While I still haven't borne the full brunt of what will soon constitute an "average" week consisting of forty hours of work; five hours of school; sixteen hours of internship; and presumably sleep somewhere in between, my emotional and mental thresholds have been apprised of these possibilities. This week, school definitely came prepared to make demands on my time while work at the agency, surprisingly, dropped the ball in this regard.

Over the past week, I only managed to complete a single Dollar Energy appointment and the pantry generated an incredibly modest nineteen families and forty-seven individuals.

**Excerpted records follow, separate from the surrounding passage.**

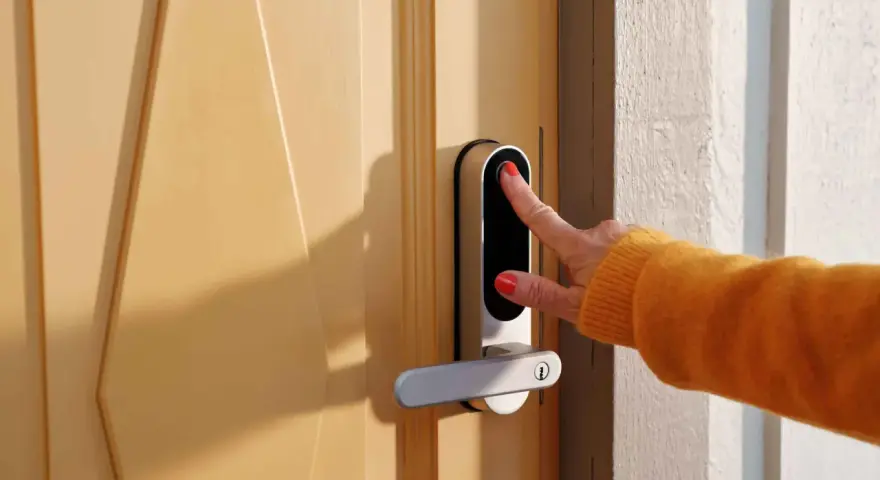 En hand med orange tröja använder fingeravtrycksläsaren på ett modernt dörrlås. Kanske ett nimly touch pro problem uppstod?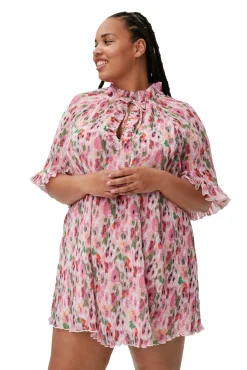 Sale GANNI Plissiertes Georgette-Minikleid Mit Ruschen Sugar Plum
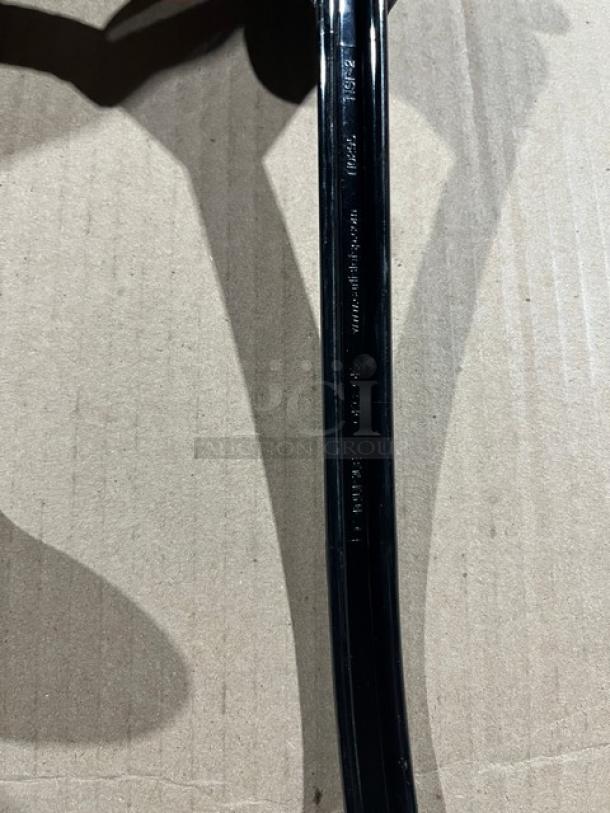 Brand new Carlisle NSF2 black ladle, commercial grade. Features visible markings. Excellent condition, high bid value.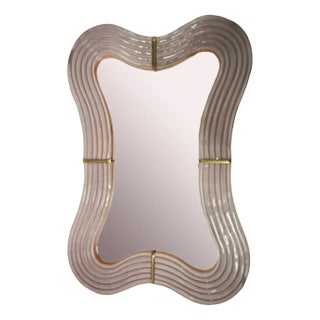 Murano Pink Glass and Brass Console Wall Mirror, 1990 For Sale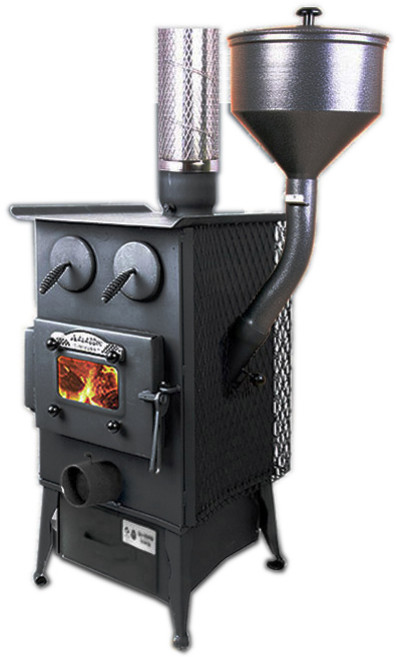 블랙홀 화목난로 펠릿난로 모음 블랙홀난로 세트할인, 블랙홀1944(20평형)-펠릿겸용(난로받침대 포함)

Other than completing annual paperwork for each family, my work week at the agency was gratefully slow.

The School of Social Work, apparently recipients of the memo that my time was available, piled on scores of pages of readings, which although sometimes tedious and more often than not bled into a mire of resilience literature too dark to discern, was genuinely intriguing and interesting. My Children and Families at Risk course leverages the experiential knowledge of the students and professors as well as the sometimes haunting trauma of the children featured in the text to discuss the perilous Jenga tower that is the well-developed and emotionally healthy child. Not only am I enjoying the course on its own terms, it's already beginning to inform my interactions with clients and staff, an evolution that has left me incredulous.

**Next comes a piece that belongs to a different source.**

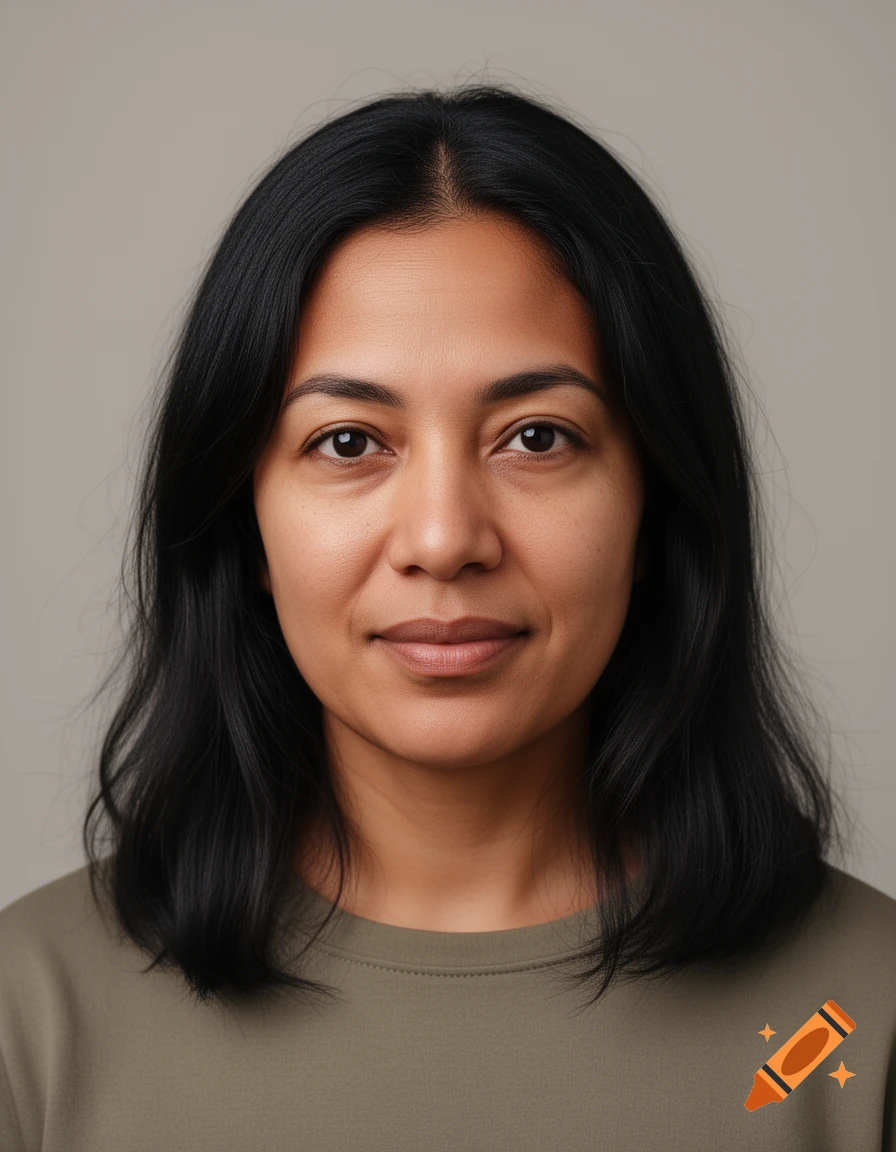 Photorealistic headshot portrait of a woman with black hair and a neutral expression against a plain gray background.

My travails through the Grand Kingdom have been fruitful and empowering. I've managed to devote a respectable thirty hours to teaching my shadows to endure fatal strikes, loot their foes, and restore their health through motion. Along the way, I've fought dozens of bizarrely shaped and overtly-aggressive mistakes of nature, including the poo snake. Although I've yet to discover how to balance my time between my real-world commitments to education, hygiene, and relationships, I cannot wait to return to the (level) grind.

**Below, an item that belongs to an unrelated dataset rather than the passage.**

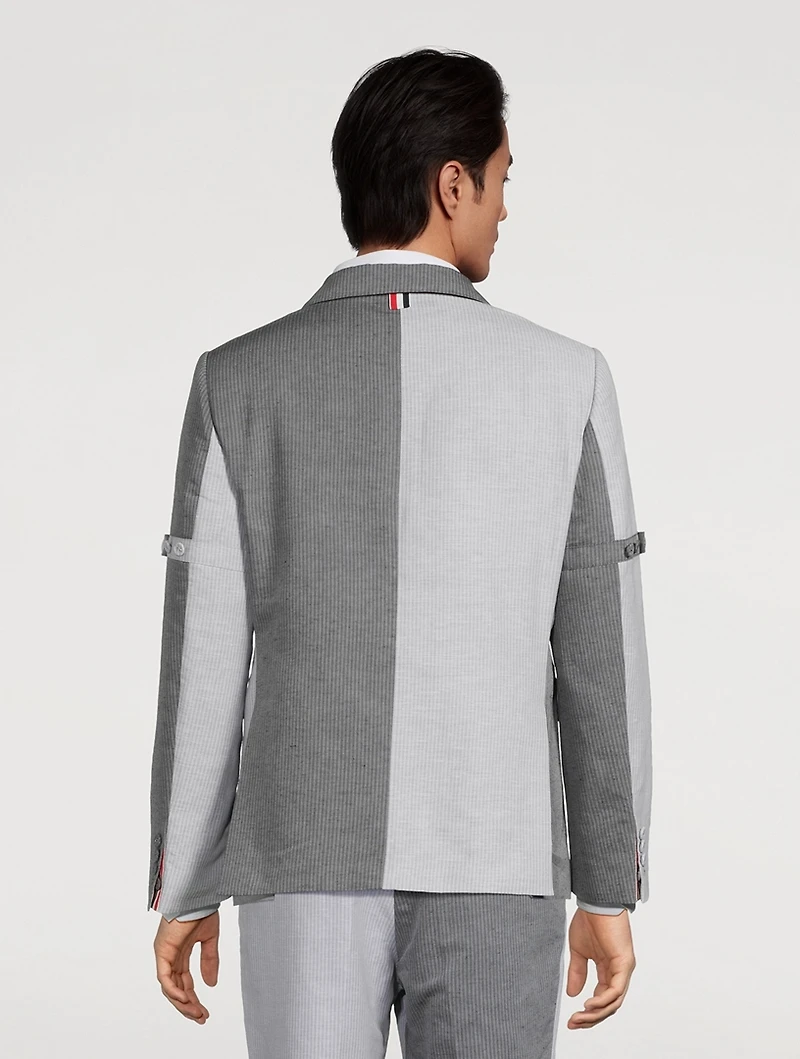 University Striped Linen And Cotton Sport Coat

Chavonne and I have been working to keep ourselves and one another sane in the face of our constant separation due to internships and school commitments. Because we've had so little time to interact with one another, we take extra care to ensure that that time spent is positive and uplifting. We talk more deeply and thoroughly than at any time in our relationship, I believe. We genuinely enjoy one another as people rather than as simply partners and it makes a profound difference in the breadth and depth of our love. I'm grateful for our friendship because we're both able to step out of our roles as partners and offer advice and council as needed, which has become crucial as the stress of our current hectic lifestyle sometimes overcomes us. Chavonne is really my best friend and it's just another way I'm probably the luckiest guy you'll meet.

1 Comment

  1. Chavonne on January 23, 2010 at 9:34 PM

    I'm the lucky one. I am so fortunate to be married to my best friend. I love how close we grow on a daily basis. You are my heart.